How Dionne Lee Combines Darkroom Recommendations with Desert Survival Tactics
In his essay “The Occasion for Talking” (1960), West Indian novelist George Lamming posits that the seeds of colonization are subtly and richly infused with myths that are hard to dislodge. Lamming became as soon as talking of myths that haunt postcolonial writing, nevertheless his commentary applies to photographer Dionne Lee’s chosen medium too. The artist explores how histories of trauma are embedded in the conventions of landscape pictures. Working essentially with analog tools, she investigates dualities repeat in the natural world, focusing on how rural landscapes comprise historically been web sites of every refuge and violence for Murky of us.
Lee first noticed this duality while rising up in Harlem. In a 2020 virtual studio consult with hosted by Silver Respect Heart for Pictures in Pittsburgh, she cites Central Park as her entry show the natural world. But later in life, she realized that this contested geography conceals tales of the free Murky American landowners who as soon as populated Seneca Village, a neighborhood that became as soon as forcibly displaced to manufacture room for Central Park.

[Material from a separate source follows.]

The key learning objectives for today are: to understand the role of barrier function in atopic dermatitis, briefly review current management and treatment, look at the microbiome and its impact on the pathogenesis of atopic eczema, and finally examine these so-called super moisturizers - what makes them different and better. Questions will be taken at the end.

Lee started interrogating the racialized histories of the American landscape by manner of pictures in 2016, while an MFA student at the California College of the Arts. Her shadowy-and-white A Test for Forty Acres from that yr is a picture of a patch of grassy land lined by an colossal emergency blanket—the artist became as soon as aiming for forty acres—that Lee made by taping together sheets of reflective mylar. By producing this emergency blanket and then placing it on the hilly land, she pointed to an unfulfilled promise: in January 1865, Union Standard William Tecumseh Sherman’s Particular Enviornment Recount No. 15 granted family homesteads as much as forty acres to a pair of 18,000 freed slaves in portions of South Carolina, Georgia, and Florida, nevertheless by that drop, President Andrew Johnson had overturned it. Lee’s collection of cloth became as soon as triggered by private trip. After receiving an emergency blanket in an earthquake equipment upon shifting to California, the artist noticed that it each beautifully reflected the sky and evoked an image of crisis. In a virtual artist talk at the Fresh Orleans Museum of Art work, she talked about the gesture posed a series of questions: What invent we assist in mind an emergency? What is going to seemingly be reflected assist to us?

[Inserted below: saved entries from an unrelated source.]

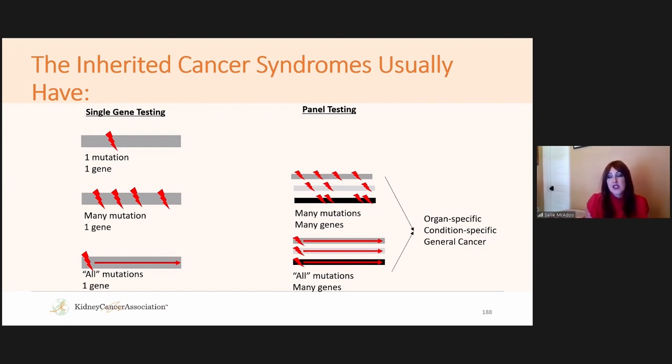Different testing approaches exist: you can look for one known misspelling in one gene — used when a mutation is already known in the family — or look for the most common mutations in one gene via targeted panels, often used in specific ethnicities. Increasingly, panels look for all mutations across many genes. These broader approaches are becoming more common now that we've sequenced the human genome, but the balance matters — more tests can add more confusion, while too few may require additional testing if results come back negative.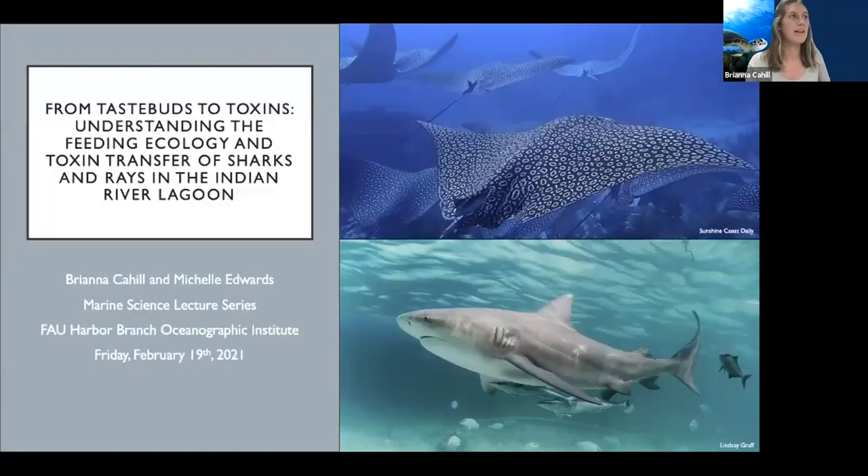Thanks so much for the introduction, Madeline. Michelle and I are going to be talking about 'From Taste Buds to Toxins: Understanding the Feeding Ecology and Toxin Transfer of Sharks and Rays in the Indian River Lagoon.'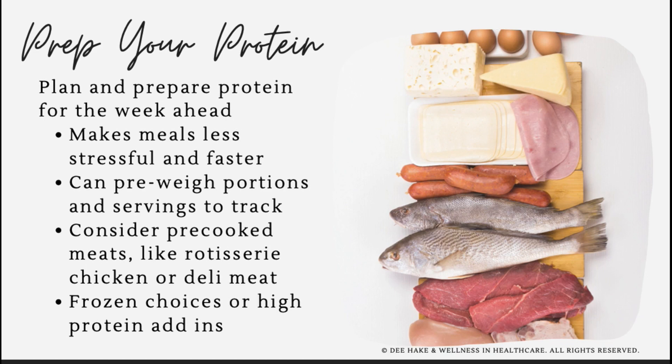Plan ahead and prepare your protein ahead of time so it's ready to go. Even if you don't do a full weekly meal prep, if you prep your proteins you can quickly throw a meal together in no time. If you're tracking your intake, you can weigh, measure, and pre-portion out your protein, which will save time later. Another great trick is to pick up a pre-cooked or rotisserie chicken at the grocery store. You can also consider putting some frozen meat or chicken nuggets in the freezer.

More currently, Lee, who’s now essentially essentially based in Oakland and teaches at Stanford, has been making collages. She generally glues together double-uncovered gelatin silver prints, realized photos, and graphite drawings. In two related collages, North and Upright North (each 2019), we stare the artist’s fingers gesture upward—pinkies extended, thumbs touching, and the three heart fingers of every hand bent inward. This configuration, held horizontally, is a instrument for navigation. If one pinkie is pointing to the cease of the Tall Dipper’s tackle, the loads of ought to point in direction of lawful north, which differs from magnetic north in exiguous yet predominant ways. One is realized the utilization of a instrument; the loads of, the utilization of one’s body. In an audio computer screen accompanying the works in “Accomplice Pieces: Fresh Pictures 2020,” an web exhibition at the Museum of Up to the moment Art work in Fresh York, Lee says the photos are an homage to her ancestors who navigated north on the Underground Railroad. The works bespeak Lee’s passion in exploring the body’s relationship to the land, and in tools that facilitate survival in the desolate tract, an skill relevant to each social history and local climate switch.

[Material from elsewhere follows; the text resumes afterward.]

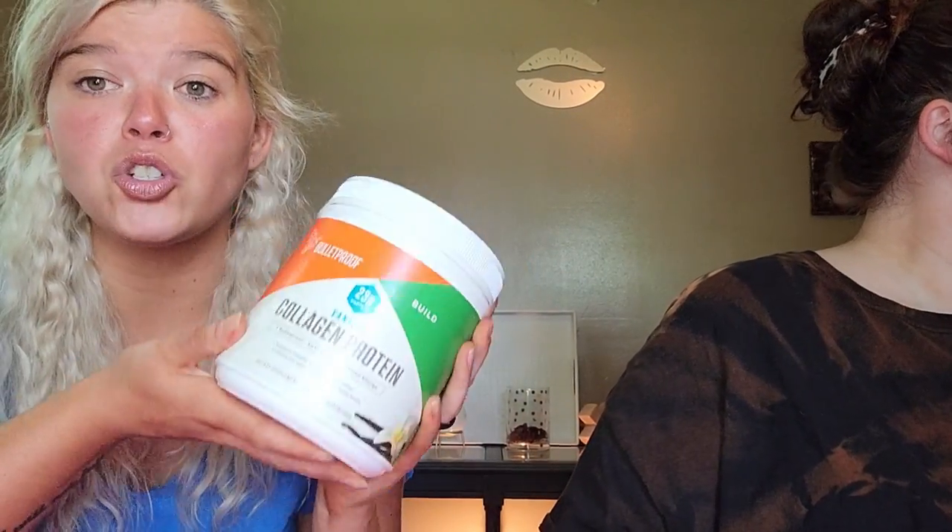Now we have the Bulletproof collagen protein powder in vanilla. It's so good. You can add this to your coffee in the morning for a vanilla creamer flavor, or add it to your smoothies to thicken them up. You're getting 23 grams of protein per serving. Sticking with drinks here.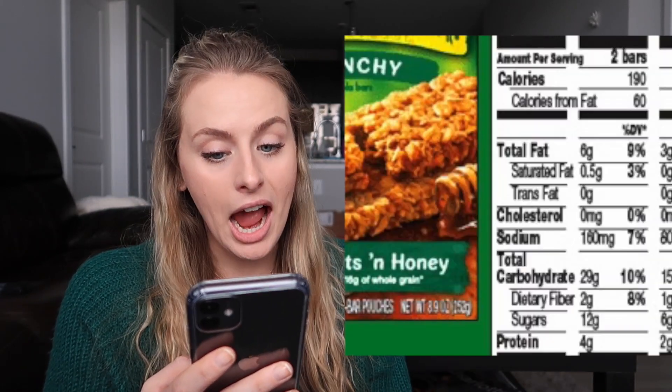Now let's talk about actually reading labels and ingredients on popular food items that are quote-unquote healthy. I don't have these snacks physically here, but I found images on Google of the backs of the boxes and I'll put them in the video so you can see. So the first one: the beloved Nature Valley Oats and Honey Crunchy Granola Bars. Let's look at the nutrition facts for two bars: 190 calories, 6 grams of fat, 29 grams of carbohydrates, 12 grams of sugar, and 4 grams of protein.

Motivated by terror of impending ecological catastrophe, Lee has been studying a form of initiate air skills: the suitable diagram to navigate, fabricate fires, and forage for food. In some unspecified time in the future of a lecture at the Rhode Island College of Maintain final drop, Lee properly-known, “My ancestors, who were enslaved, needed to be survivalists, and I’m making an strive to reclaim that heritage.” In response to only about drowning in a public pool as a child, she made her gelatin silver print A build of dwelling to drown (2019) by scanning an image of a desolate swimming hole. Lee slowly dragged a realized picture across a digital flatbed, and the resulting image is a distorted opinion of what seems to be love a gaping hole, seemingly a portal for trip. Swimming is yet one other survival skill that shows histories of racial oppression. The work brings up questions of obtain admission to: historically, who had the exact to swim? Who had obtain admission to to water? Who had the privilege to ideal the survival skill of swimming?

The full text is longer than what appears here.